Arizona incomes are climbing a little faster than the rest of the country. Personal income in the state rose 5.9% from 2023 to 2024, edging past the nationwide 5.6% gain over the same period. The bump showed up across much of the map, with heavyweight counties like Maricopa and Pinal logging some of the biggest jumps. The open question now is whether those bigger paychecks actually translate into more household spending power and stronger wage growth once inflation and local prices are factored in.
The U.S. Bureau of Economic Analysis rolled out its latest county and state income estimates in early February as part of its annual county GDP and personal income release. The new numbers show personal income increasing in 2,768 counties and dropping in 331, a reminder that plenty of communities are still treading water. The BEA site hosts interactive tables and maps that let readers drill down into county totals, including downloadable spreadsheets for those who want to sort and slice the data themselves.

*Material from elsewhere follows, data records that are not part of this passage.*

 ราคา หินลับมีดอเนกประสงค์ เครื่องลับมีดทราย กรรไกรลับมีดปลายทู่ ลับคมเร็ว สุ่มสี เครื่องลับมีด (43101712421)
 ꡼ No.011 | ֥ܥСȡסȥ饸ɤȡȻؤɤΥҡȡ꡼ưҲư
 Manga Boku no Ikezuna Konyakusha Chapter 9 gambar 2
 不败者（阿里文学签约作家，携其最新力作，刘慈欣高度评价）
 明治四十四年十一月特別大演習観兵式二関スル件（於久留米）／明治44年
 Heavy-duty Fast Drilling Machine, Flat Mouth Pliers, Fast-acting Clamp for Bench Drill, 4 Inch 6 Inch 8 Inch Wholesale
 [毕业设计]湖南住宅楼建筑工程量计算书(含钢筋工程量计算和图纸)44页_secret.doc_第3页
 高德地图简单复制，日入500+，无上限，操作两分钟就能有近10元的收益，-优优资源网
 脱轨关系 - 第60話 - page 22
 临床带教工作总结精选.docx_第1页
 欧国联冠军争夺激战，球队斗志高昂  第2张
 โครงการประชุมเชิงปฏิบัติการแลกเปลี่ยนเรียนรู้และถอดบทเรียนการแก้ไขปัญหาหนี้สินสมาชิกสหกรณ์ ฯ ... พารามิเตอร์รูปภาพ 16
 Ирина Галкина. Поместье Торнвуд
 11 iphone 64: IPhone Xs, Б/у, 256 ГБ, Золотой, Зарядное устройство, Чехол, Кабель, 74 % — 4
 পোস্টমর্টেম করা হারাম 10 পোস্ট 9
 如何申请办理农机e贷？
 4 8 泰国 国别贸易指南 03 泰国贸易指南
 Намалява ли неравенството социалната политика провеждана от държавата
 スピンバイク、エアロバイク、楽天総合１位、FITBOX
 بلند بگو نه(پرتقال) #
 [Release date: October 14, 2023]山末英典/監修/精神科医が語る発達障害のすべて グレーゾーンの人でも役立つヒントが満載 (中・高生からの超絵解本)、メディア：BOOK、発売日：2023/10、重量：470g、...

Local coverage by Axios Phoenix pulled out the headline figures for Arizona, noting the 5.9% one year gain that topped the national 5.6% increase. The outlet highlighted Pinal County's 9.2% jump and Maricopa County's 6.2% rise, using the BEA county files to map which parts of the state did the heavy lifting. For readers tracking metro Phoenix in particular, Axios offers a compact county map and quick-hit highlights.
Where the gains were strongest
Pinal's 9.2% increase stands out among large counties with more than 500,000 residents and ranks among the biggest jumps in that group nationwide. Maricopa's 6.2% gain helped push the Valley's overall totals higher. The BEA county release makes it clear that the story is not uniform across Arizona, some smaller counties saw double digit swings in income while others slipped backward. That uneven pattern underscores how growth is clustering in specific pockets rather than lifting every community at the same pace. The U.S. Bureau of Economic Analysis data tools give readers county summaries and spreadsheets to compare where income is surging and where it is sagging.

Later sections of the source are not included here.